RECORDED INFORMATION:
--- START ---
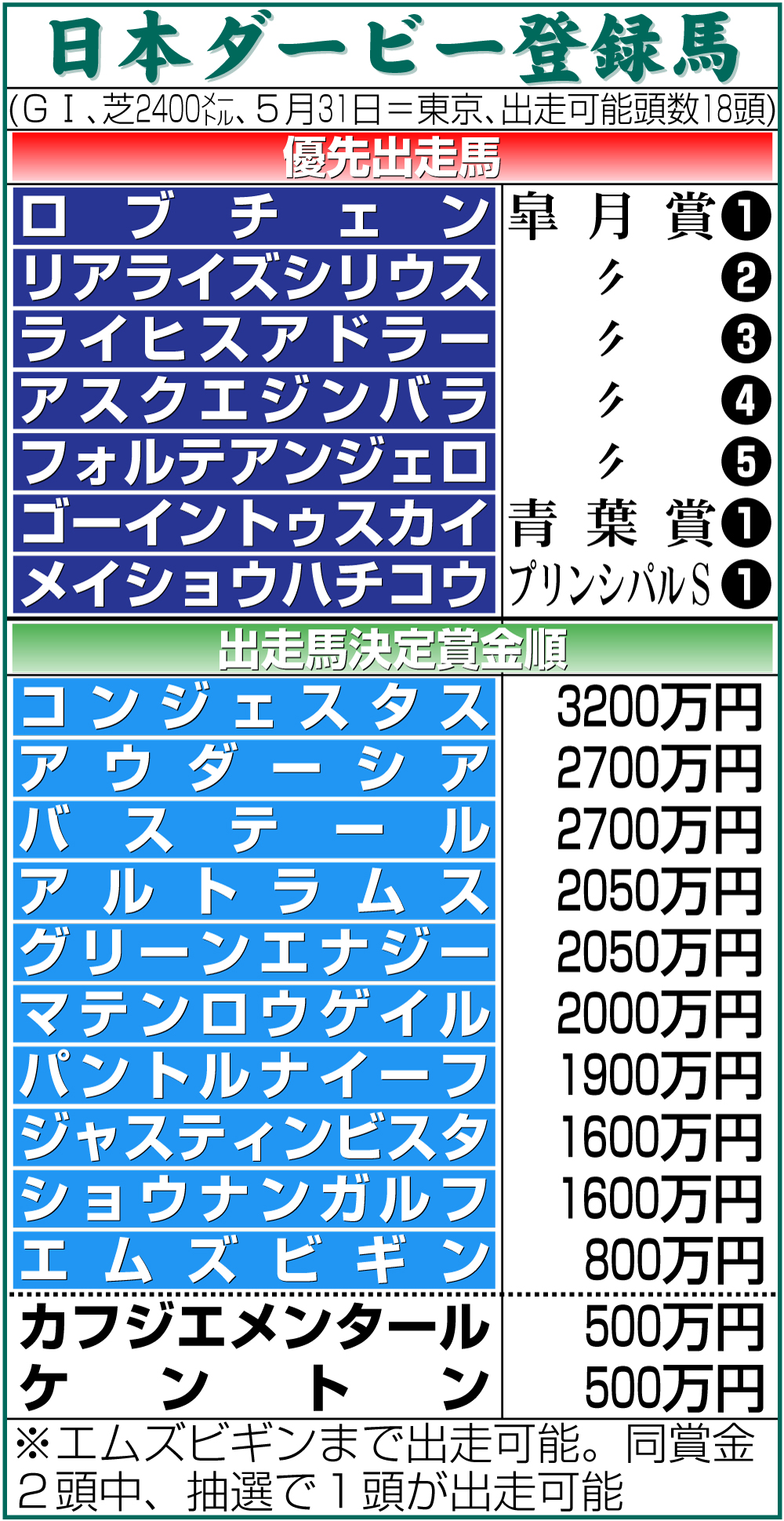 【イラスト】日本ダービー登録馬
--- END ---
--- START ---
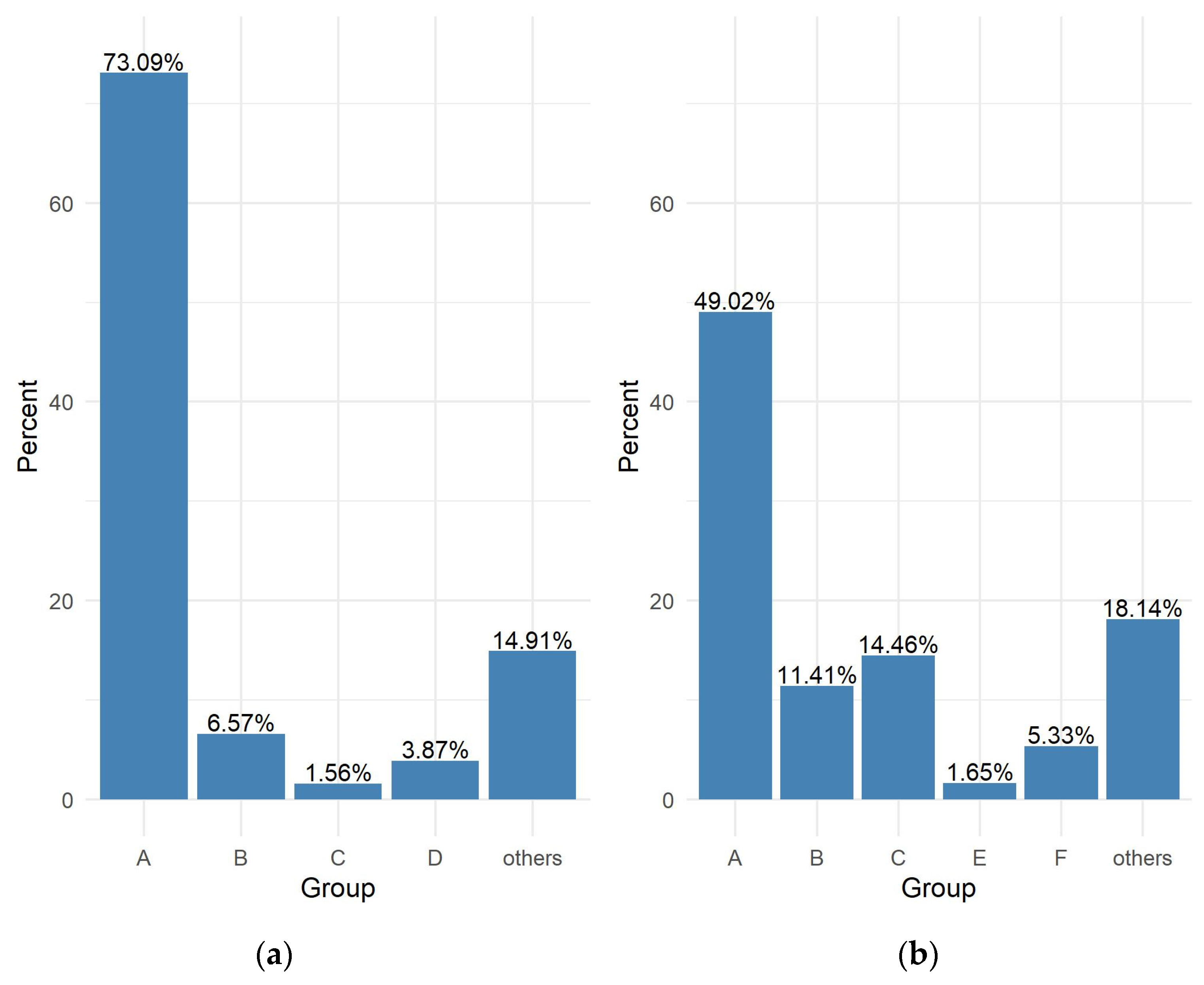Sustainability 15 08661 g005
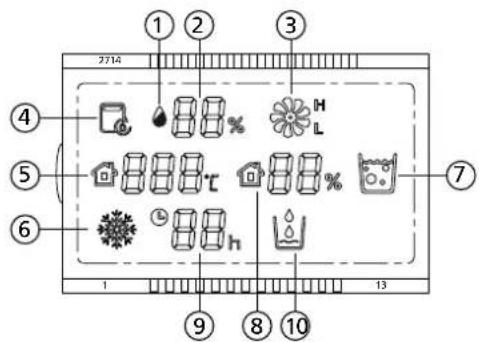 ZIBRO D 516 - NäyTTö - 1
--- END ---
Would you output only the span of the records above that opens with the line containing "Sustainability 15 08661 g005" and closes with the line containing "ZIBRO D 516 - NäyTTö - 1", ends included and pictures dropped?

Sustainability 15 08661 g005
 ZIBRO D 516 - NäyTTö - 1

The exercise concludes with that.